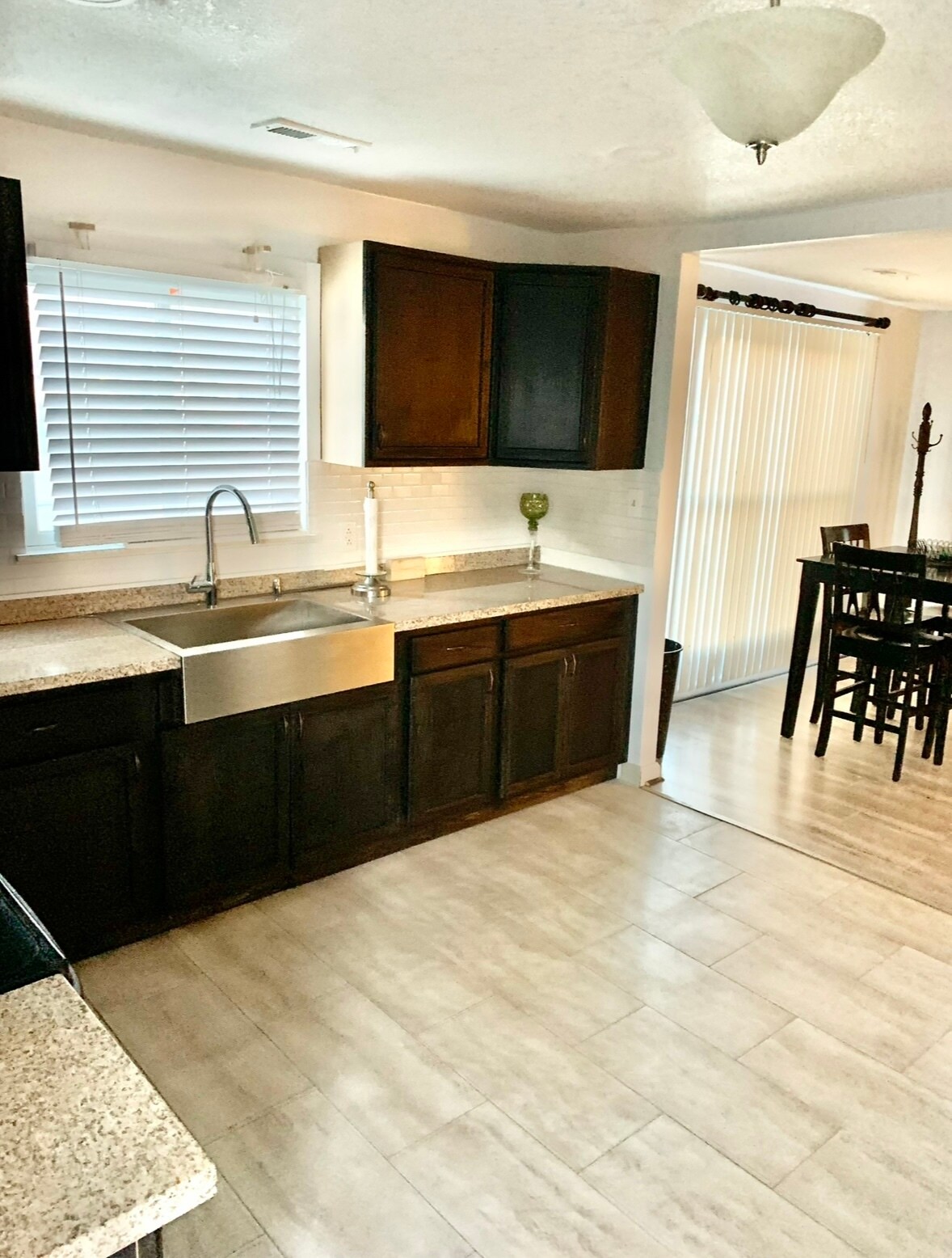 Building Photo - 406 Tazewell St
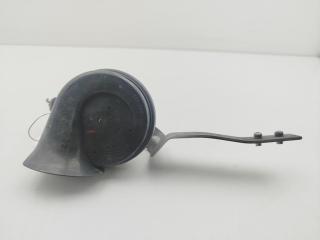 сигнал (клаксон) Audi A4 B6 2004, 3.0 л., бензин, АКПП, чёрный, универсал, 000209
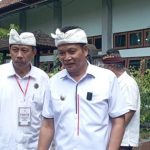 Ket poto: Bupati Jembrana I Made Kembang Hartawan (Kanan)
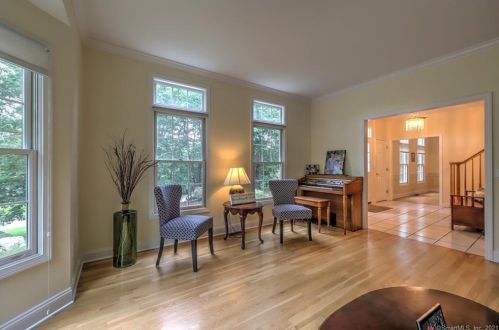 18 Gaylor Dr, Upper Stepney CT  06468-4215 exterior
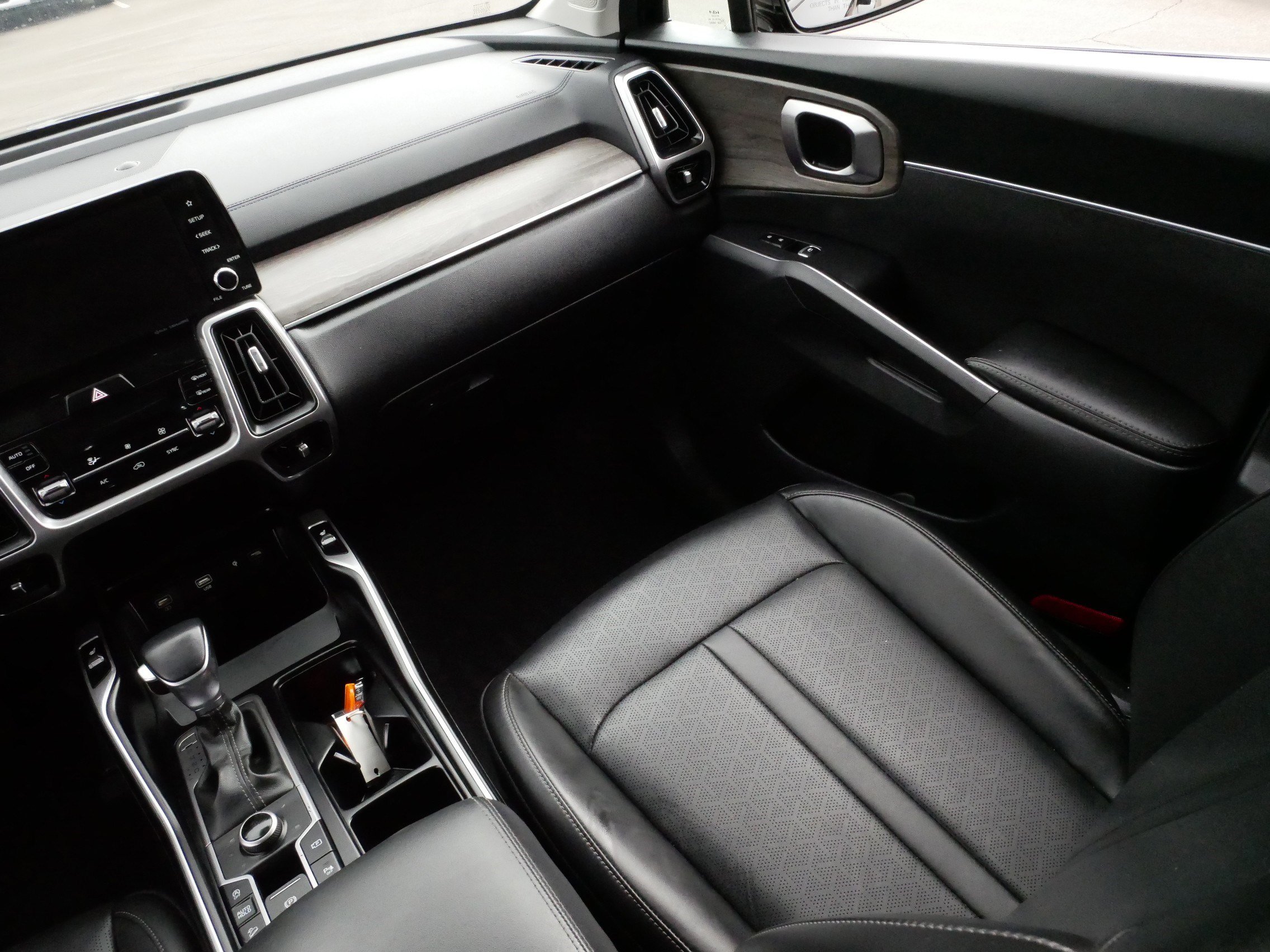 Used 2023 Kia Sorento X-Line EX image 11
....................
What you have to do => The pictures in the entries should be left out; output everything else exactly.

Result of this task =>
 Building Photo - 406 Tazewell St
 сигнал (клаксон) Audi A4 B6 2004, 3.0 л., бензин, АКПП, чёрный, универсал, 000209
 Ket poto: Bupati Jembrana I Made Kembang Hartawan (Kanan)
 18 Gaylor Dr, Upper Stepney CT  06468-4215 exterior
 Used 2023 Kia Sorento X-Line EX image 11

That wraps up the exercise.